Solution 1: Transactional Outbox

Write invalidation events to a database table within the same transaction. A background process reads the outbox and performs invalidations.

Solution 2: TTL as Safety Net

Always set a TTL even when using explicit invalidation. If invalidation fails, the cache entry will eventually expire.

Invalidation in Distributed Systems

Distributed systems add layers of complexity to cache invalidation. You must deal with network partitions, message ordering, and clock skew.

Multi-Region Challenges

When your application spans multiple regions, each region might have its own cache. Invalidating across regions introduces latency and potential message loss.

Solutions:

  1. Accept regional staleness: Use TTL and accept that remote regions will be eventually consistent
  2. Sticky sessions: Route users to their "home" region where their writes occur
  3. Global invalidation channel: Use a reliable messaging system (Kafka) to propagate invalidations

Message Ordering

Invalidation messages can arrive out of order, causing a newer value to be overwritten by an older invalidation.

Solution: Use Timestamps or Versions

Network Partitions

During a network partition, invalidation messages might not reach all nodes. When the partition heals, some caches have stale data.

Solutions:

  1. TTL safety net: Always set TTLs so stale data eventually expires
  2. Periodic reconciliation: Background job that checks cache against database
  3. Read repair: On cache hit, occasionally verify against database

Best Practices

These practices come from production experience with cache invalidation at scale.

1. Prefer Delete Over Update

When invalidating, delete the cache entry rather than updating it. Deletes are idempotent; updates can race.

2. Always Use TTL as a Backstop

Even with explicit invalidation, set a TTL. If invalidation fails for any reason, the TTL ensures eventual consistency.

3. Track Cache Dependencies

Document which cache keys are affected by each type of data change. Consider using a naming convention that makes dependencies clear.

4. Invalidate Close to the Source

Invalidate as close to the database write as possible. The longer the gap, the greater the risk of stale reads.

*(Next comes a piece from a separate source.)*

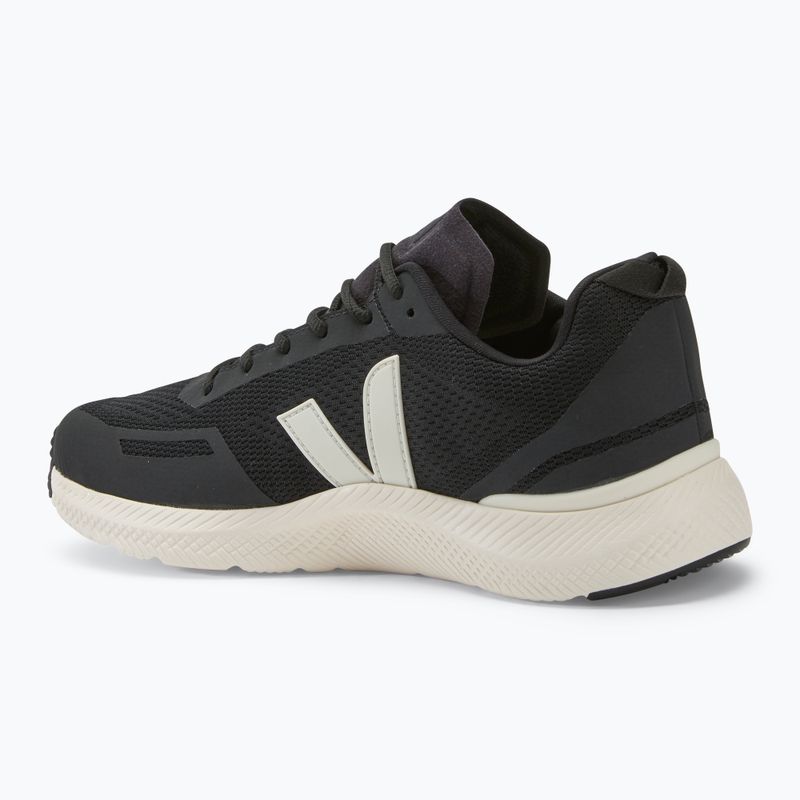 Bežecká obuv VEJA Impala black/cream 3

5. Monitor Invalidation Health

Track metrics to detect invalidation problems:

MetricWhat It Tells You
Cache hit rateSudden drop may indicate over-invalidation
Stale read rateSample reads and compare cache vs DB
Invalidation latencyTime from DB write to cache invalidation
Invalidation failuresFailed attempts to delete/update cache

6. Test Invalidation Logic

Write tests specifically for race conditions and failure scenarios.

7. Consider Cache-Aside Pattern

The cache-aside pattern minimizes invalidation complexity because the cache only contains data that has been read. Writes go directly to the database and invalidate the cache.

Summary

Cache invalidation is hard because it requires coordinating state between two systems (cache and database) in the presence of concurrency, failures, and distributed systems challenges.

The key takeaways:

TTL is your foundation. Even with explicit invalidation, always set a TTL. It is your safety net when everything else fails.

Delete, do not update. When invalidating on write, delete the cache entry rather than updating it. Deletes are idempotent and avoid update races.

Race conditions are real. The read-update race is the most common bug. Solutions include delayed double deletion, versioning, and locking.

Prevent stampedes. When popular cache entries expire, use locking, probabilistic early refresh, or stale-while-revalidate to prevent thundering herds.

Distributed systems amplify the problem. Network partitions, message ordering, and cross-region latency all complicate invalidation. Design for eventual consistency and use TTLs as a backstop.

Monitor and test. Track cache hit rates and stale read rates. Write tests for concurrent scenarios.

The goal is not perfect consistency, which is often impossible without sacrificing performance. The goal is bounded staleness: knowing the maximum time your cache can be out of sync and ensuring that time is acceptable for your use case.